Tutto ciò per dire che è indubbio che Lo squadrone bianco sia un film di propaganda; ma non che Augusto Genina non sia un regista di regime – o comunque non esclusivamente e non necessariamente. Genina viene da lontano, la sua sterminata filmografia del periodo muto testimonia la personalità eclettica ed internazionale di un regista che alloggia ormai da un bel po’ nell’affollato “albergo degli assenti” del cinema italiano. Nel suo genere, Lo squadrone bianco è tra i risultati meno fascistissimi e più accettabili ai nostri occhi, non solo per l’universalità di certe tematiche (l’eroismo, il sacrificio del servitore della Patria, la devozione dei sottoposti al capitano) che lo inseriscono a pieno titolo nel filone dei film sul mito della legione, come La bandera del mai troppo ricordato Julien Duvivier, che quantomeno riesce a restituire l’immagine e il senso di un mondo perduto e idealizzato, tradotto e celebrato dalle pagine della letteratura popolare (in questo caso L’éscadron blanc di Joseph Peyré).

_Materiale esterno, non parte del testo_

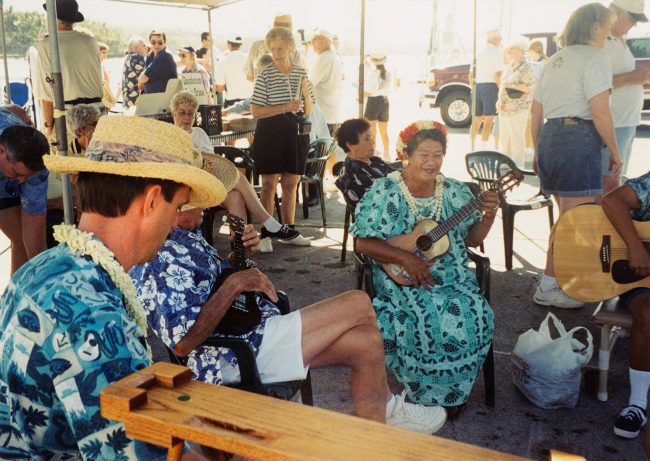 להקת מראיצ'וס באי קאזומל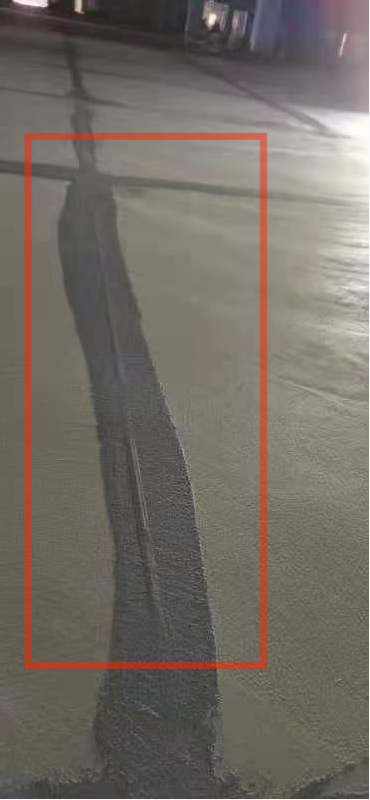 防靜電地坪施工中銅箔隆起鼓包怎么辦？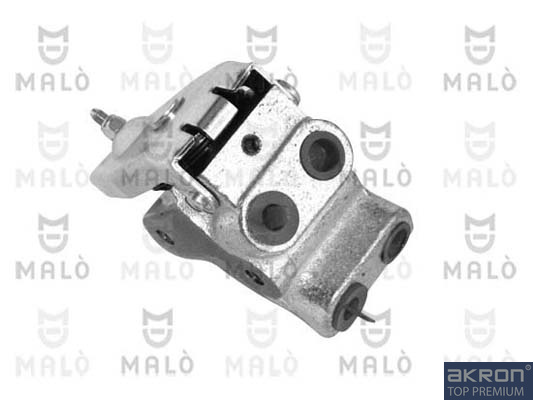 MODULATORE FRENATA - AKRON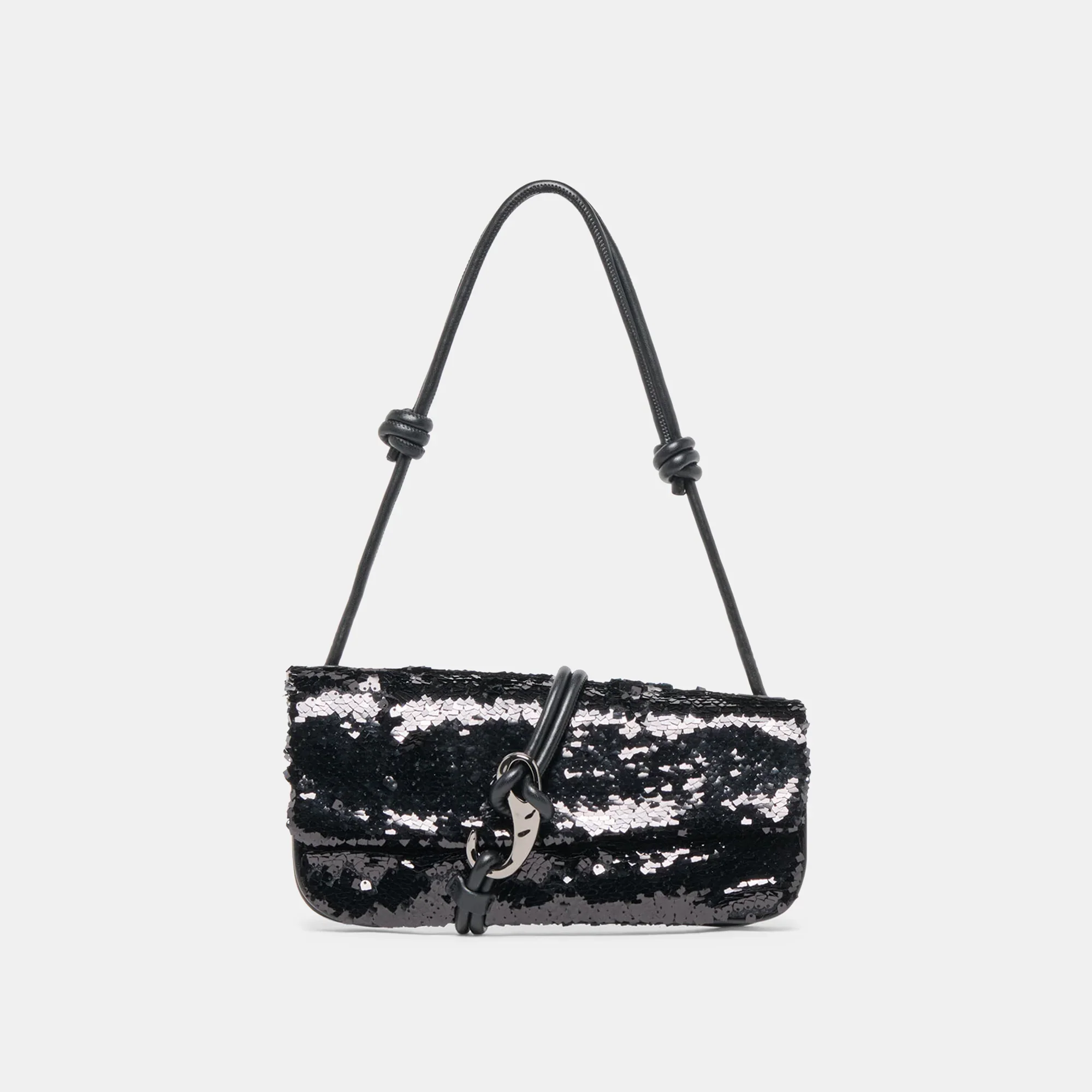 ALICE SEQUIN BLACK SEQUIN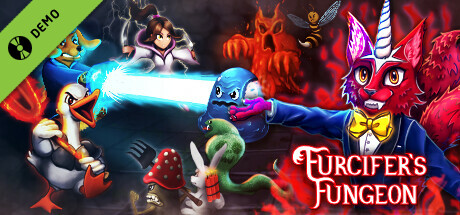 Furcifer's Fungeon Demo cover art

Eppure a rendere il film così interessante è la scrupolosa cura formale. Non a caso, sui titoli di testa, si fa menzione delle riprese dal vivo, negli esterni del deserto della Libia: non solo la dimostrazione dell’impegno finanziario del regime ma anche un fiore all’occhiello per Genina, che proprio nel secondo tempo guerresco dà una prova di grande raffinatezza visiva. Dall’incipit italiano, con la festa mondana e il successivo litigio fra i due protagonisti, si passa all’afosa avventura bellica con una tensione antiborghese che da una parte esalta il valore umano, civile e militare sia del solido e predestinato capitano Santelia che del tenente Ludovici (per lui trattasi di racconto di formazione: da fatuo amoroso a prode combattente) e dall’altra diffida delle moine mondane di Cristiana, la donna che, non corrispondendo al suo amore, induce Ludovici ad arruolarsi.

Al nostro sguardo contemporaneo, poi, la recitazione asciutta e rigorosa di Fosco Giachetti, capitano quasi cristologico, rende francamente insopportabile il birignao della meteora Fulvia Lanzi e del divo di regime Antonio Centa.